Work to complete: Only the lines below from the one that contains "Pine Cluster Embroidered" through the one that contains "Black digital microwave" should appear in your answer, exact and without pictures.

### Input data ###

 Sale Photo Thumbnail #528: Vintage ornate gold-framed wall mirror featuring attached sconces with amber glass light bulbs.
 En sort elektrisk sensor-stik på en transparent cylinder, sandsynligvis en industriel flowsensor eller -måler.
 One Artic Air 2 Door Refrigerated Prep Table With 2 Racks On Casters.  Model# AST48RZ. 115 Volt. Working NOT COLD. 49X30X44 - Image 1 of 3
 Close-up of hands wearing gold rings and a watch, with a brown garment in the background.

###
### Input data ###

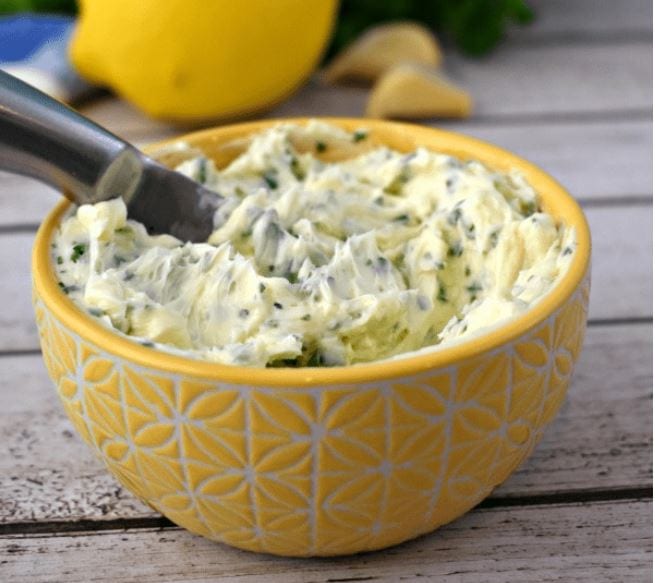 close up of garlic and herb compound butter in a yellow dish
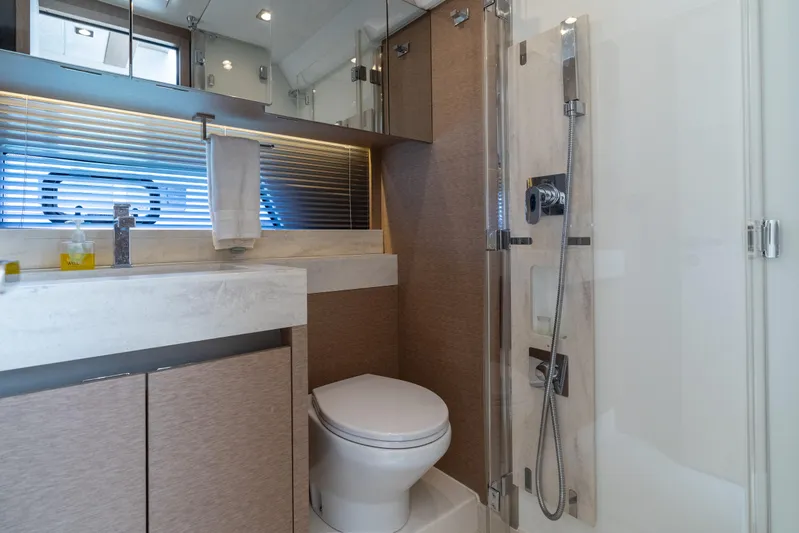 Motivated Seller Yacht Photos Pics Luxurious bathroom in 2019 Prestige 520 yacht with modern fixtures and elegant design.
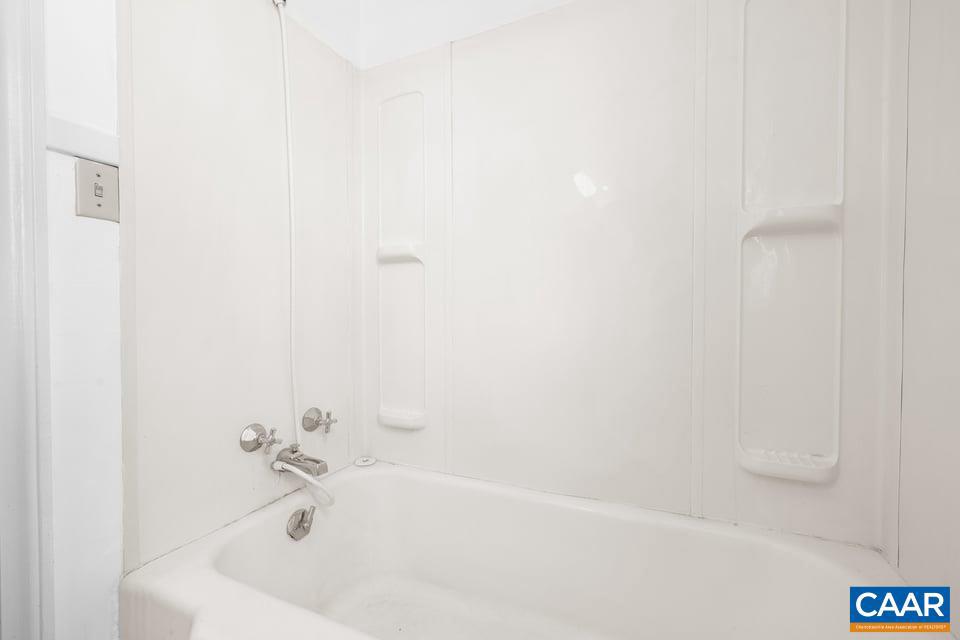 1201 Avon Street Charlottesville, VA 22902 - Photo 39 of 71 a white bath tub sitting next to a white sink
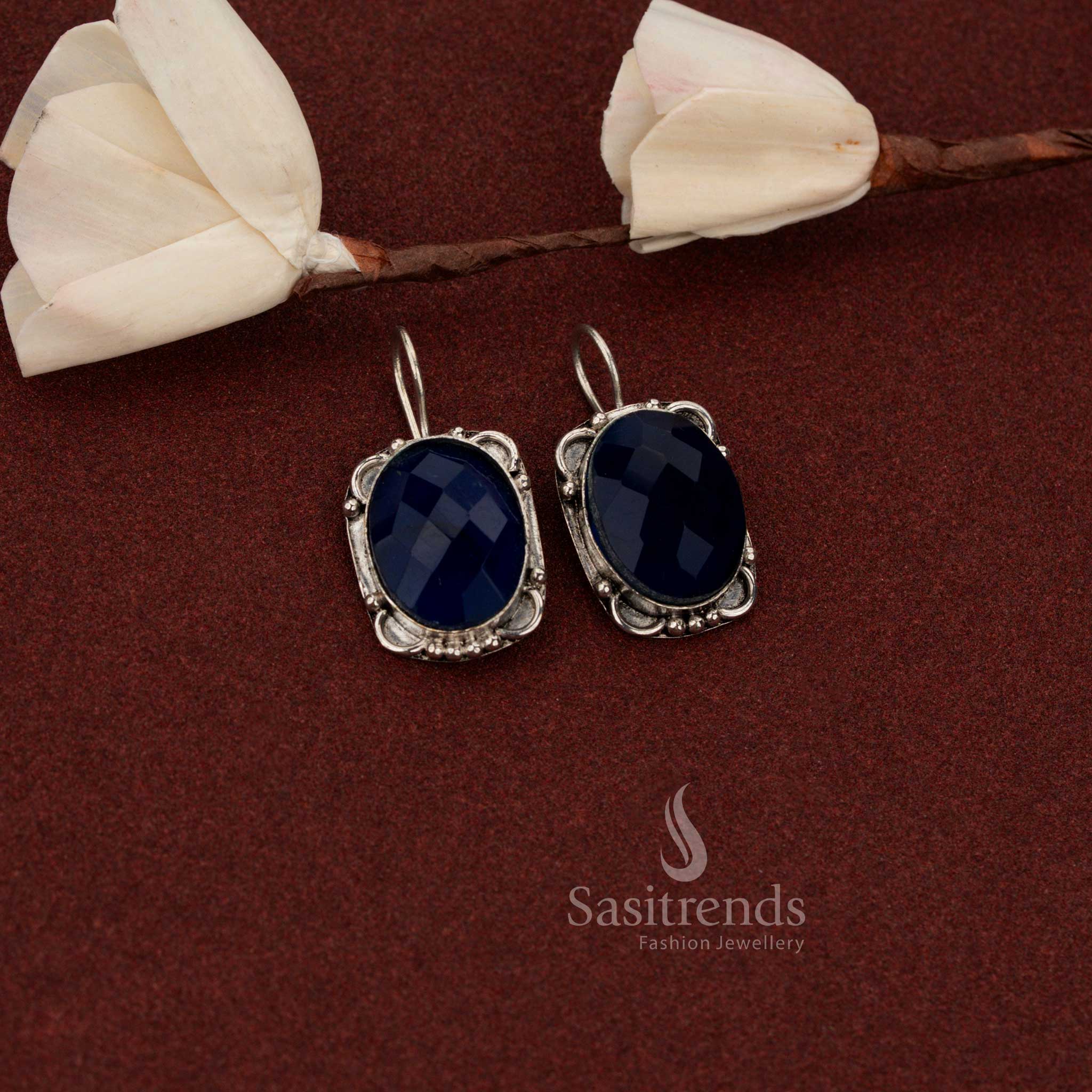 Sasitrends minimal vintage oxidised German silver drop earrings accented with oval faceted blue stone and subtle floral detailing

###
### Input data ###

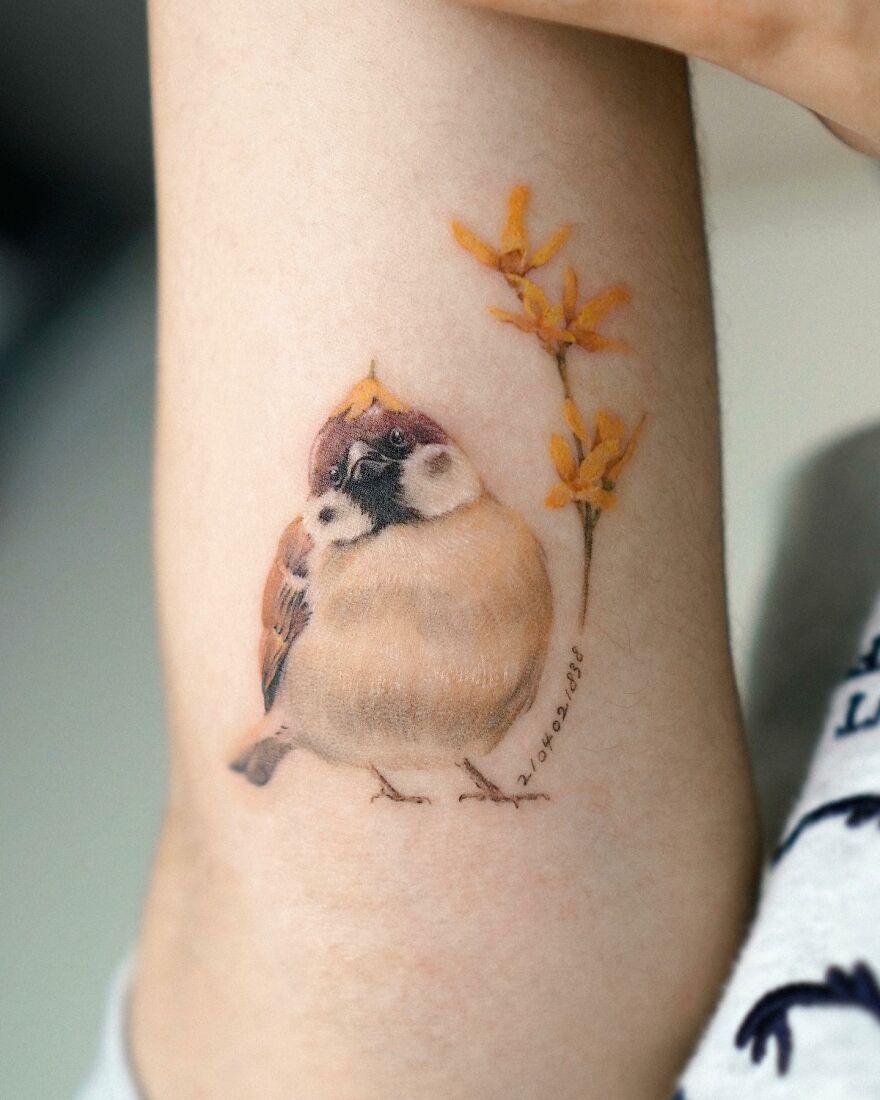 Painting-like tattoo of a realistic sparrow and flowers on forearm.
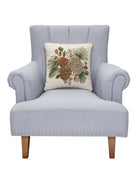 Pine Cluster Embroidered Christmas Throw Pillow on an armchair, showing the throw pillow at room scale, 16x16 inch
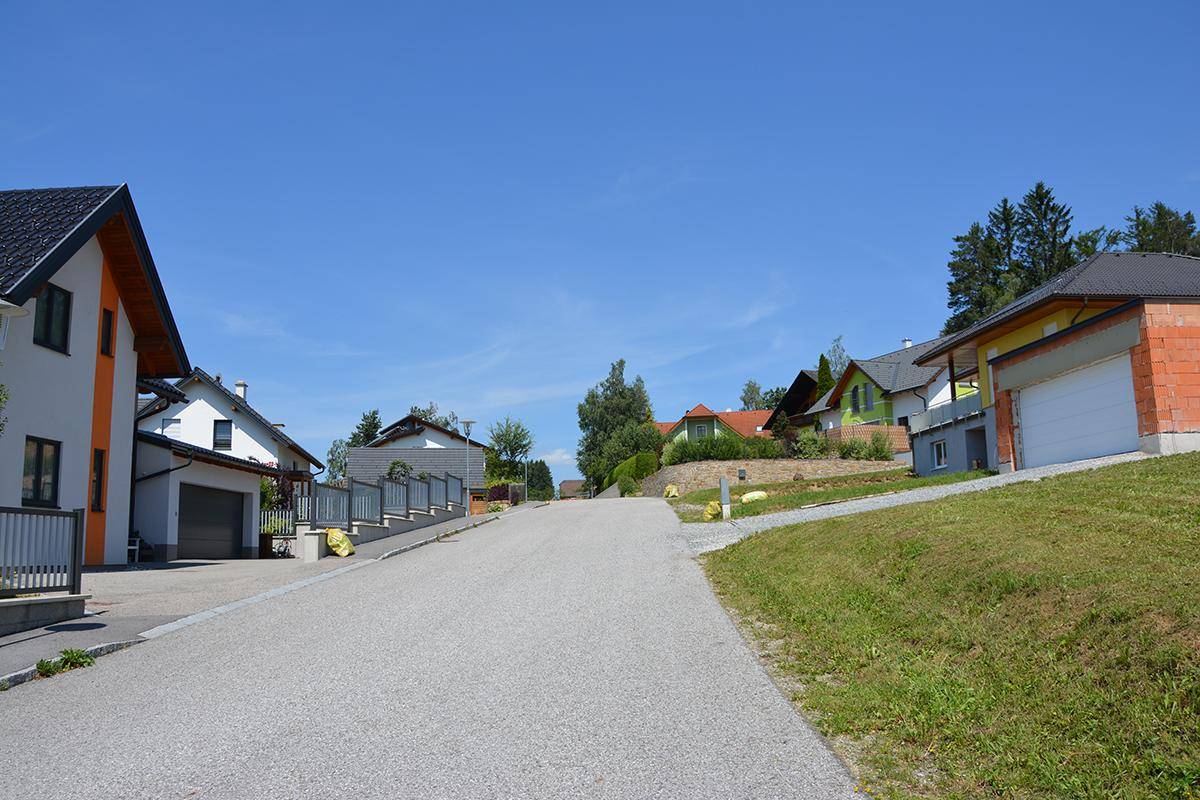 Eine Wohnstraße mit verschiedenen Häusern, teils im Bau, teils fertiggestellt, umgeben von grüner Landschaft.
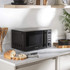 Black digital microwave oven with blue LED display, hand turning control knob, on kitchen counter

###

Answer to this task:
 Pine Cluster Embroidered Christmas Throw Pillow on an armchair, showing the throw pillow at room scale, 16x16 inch
 Eine Wohnstraße mit verschiedenen Häusern, teils im Bau, teils fertiggestellt, umgeben von grüner Landschaft.
 Black digital microwave oven with blue LED display, hand turning control knob, on kitchen counter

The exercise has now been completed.